Thanks to the amazing support of Team Alyssa and those who have been encouraging me and praying for me along each step of the journey, I conquered my 22 mile run last Friday. It was only a decent run, but it was a life changing run at the same time. I spent each mile praying for a specific person or family or topic. And, when God brought someone to mind related to that family or topic, I briefly prayed for them as well, specific prayers, specific names and needs, and then went back to who that mile was focused on. I also took one mile to pray for my church and each staff member and their families by name. I took one mile to pray for our country, politicians, and the current candidates and their families.
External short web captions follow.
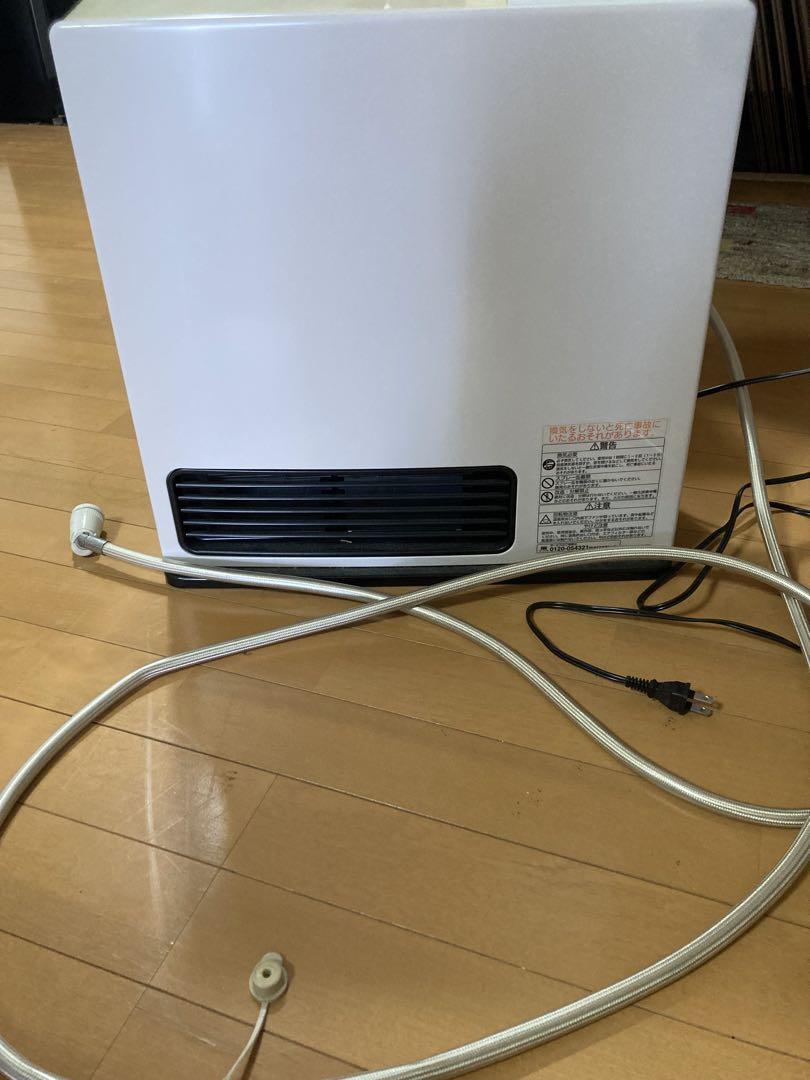 ガスファンヒーター ホワイト コンパクト　プロパンガス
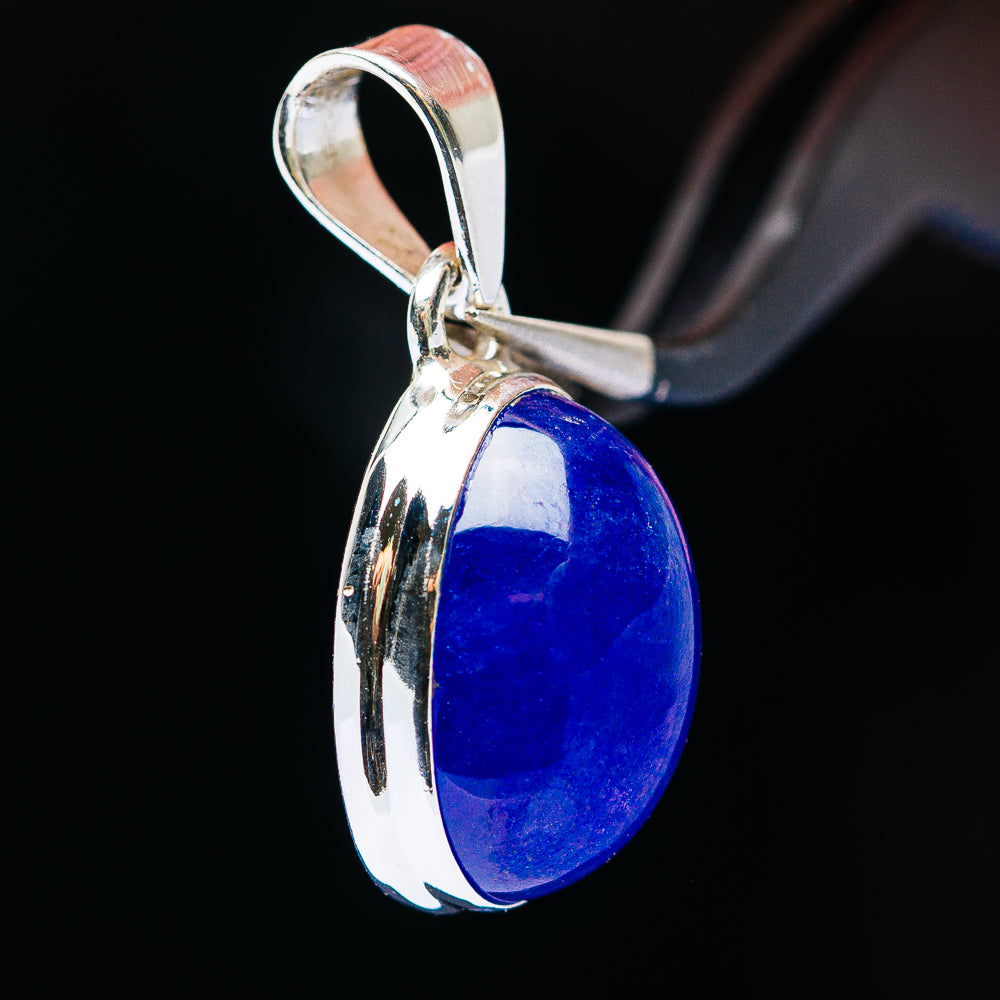 20ct Premium Tanzanite Pendant 1" (.925 Sterling Silver)
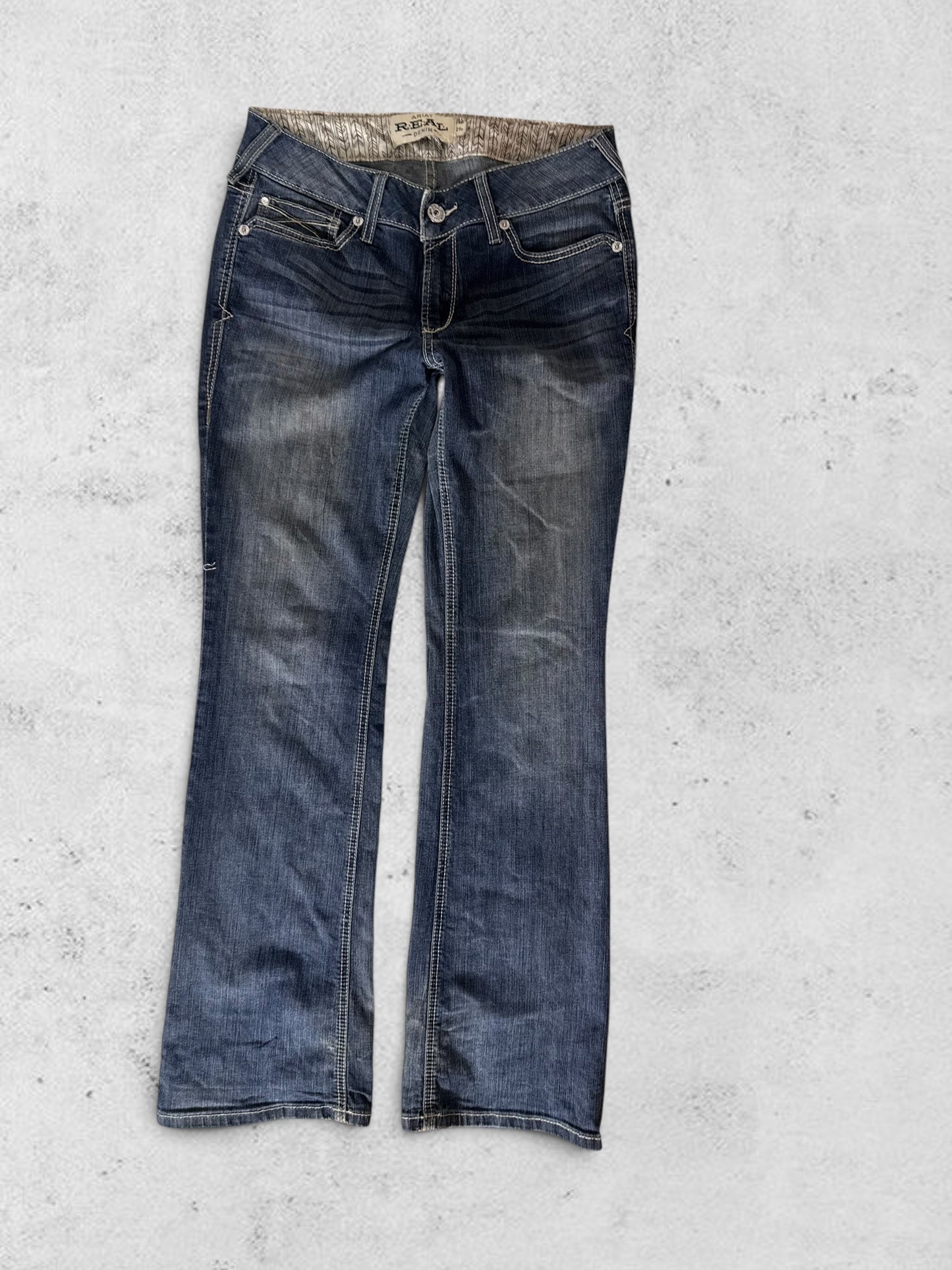 Utsvängda jeans stl: M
And, I focused my very last mile 22 to pray about cancer – those who are fighting, those who have lost loved ones, research, and everyone we know who’s been affected. I almost always pray over the course of my runs no matter how short or long, but this was the very first time I focused so specifically on names and needs and topics and outcomes and weaknesses, one mile at a time. And, it changed me. Along with the fact that I know many were praying for me over those hours, I know it was the reason I made it through that run after having wanted to quit.

Another huge February accomplishment is that my team met our goal and continues to raise funds to provide treatments that are saving the lives of patients today. LLS is making cures happen by providing patient support services, advocacy for lifesaving treatments and the most promising cancer research anywhere. And it’s all happening now. Not someday, today. I am so honored to be a small part of this!!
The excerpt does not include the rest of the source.